Data items:
[Start of section]
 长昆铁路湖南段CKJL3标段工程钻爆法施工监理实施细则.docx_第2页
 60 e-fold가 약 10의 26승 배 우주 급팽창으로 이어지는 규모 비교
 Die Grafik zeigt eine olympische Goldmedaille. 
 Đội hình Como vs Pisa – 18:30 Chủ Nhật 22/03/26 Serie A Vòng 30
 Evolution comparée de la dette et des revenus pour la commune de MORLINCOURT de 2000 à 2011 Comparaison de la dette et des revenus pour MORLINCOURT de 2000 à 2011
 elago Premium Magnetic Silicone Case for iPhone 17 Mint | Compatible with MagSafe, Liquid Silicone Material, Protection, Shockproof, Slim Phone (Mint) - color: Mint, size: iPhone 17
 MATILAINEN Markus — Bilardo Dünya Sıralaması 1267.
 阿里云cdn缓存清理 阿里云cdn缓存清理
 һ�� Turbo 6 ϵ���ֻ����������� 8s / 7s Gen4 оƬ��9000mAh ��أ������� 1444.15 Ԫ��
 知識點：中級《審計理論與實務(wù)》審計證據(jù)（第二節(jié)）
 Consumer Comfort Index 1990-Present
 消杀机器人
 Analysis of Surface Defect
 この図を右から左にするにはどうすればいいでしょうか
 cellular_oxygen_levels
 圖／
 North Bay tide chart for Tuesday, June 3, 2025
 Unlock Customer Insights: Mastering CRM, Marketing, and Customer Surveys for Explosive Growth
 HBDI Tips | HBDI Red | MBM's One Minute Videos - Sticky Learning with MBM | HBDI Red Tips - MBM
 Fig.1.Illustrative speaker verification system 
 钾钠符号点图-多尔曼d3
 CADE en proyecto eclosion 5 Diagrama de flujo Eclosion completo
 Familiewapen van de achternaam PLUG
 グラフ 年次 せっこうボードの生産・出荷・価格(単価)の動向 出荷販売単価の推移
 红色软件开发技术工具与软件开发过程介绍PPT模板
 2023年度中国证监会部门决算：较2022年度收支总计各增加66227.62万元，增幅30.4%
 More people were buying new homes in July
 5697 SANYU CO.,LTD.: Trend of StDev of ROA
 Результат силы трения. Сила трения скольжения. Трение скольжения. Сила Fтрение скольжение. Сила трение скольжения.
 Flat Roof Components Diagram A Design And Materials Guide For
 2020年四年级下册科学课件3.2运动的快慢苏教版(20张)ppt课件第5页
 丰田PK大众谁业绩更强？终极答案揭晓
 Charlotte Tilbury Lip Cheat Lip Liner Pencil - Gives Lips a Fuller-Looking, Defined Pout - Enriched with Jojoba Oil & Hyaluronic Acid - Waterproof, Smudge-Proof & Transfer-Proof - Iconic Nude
[End of section]
Task brief — Find "Flat Roof Components" in the entries above and copy that whole line exactly, then each line after it through the line that contains "丰田PK大众谁业绩更强？终极答案揭晓".

Exercise answer —
 Flat Roof Components Diagram A Design And Materials Guide For
 2020年四年级下册科学课件3.2运动的快慢苏教版(20张)ppt课件第5页
 丰田PK大众谁业绩更强？终极答案揭晓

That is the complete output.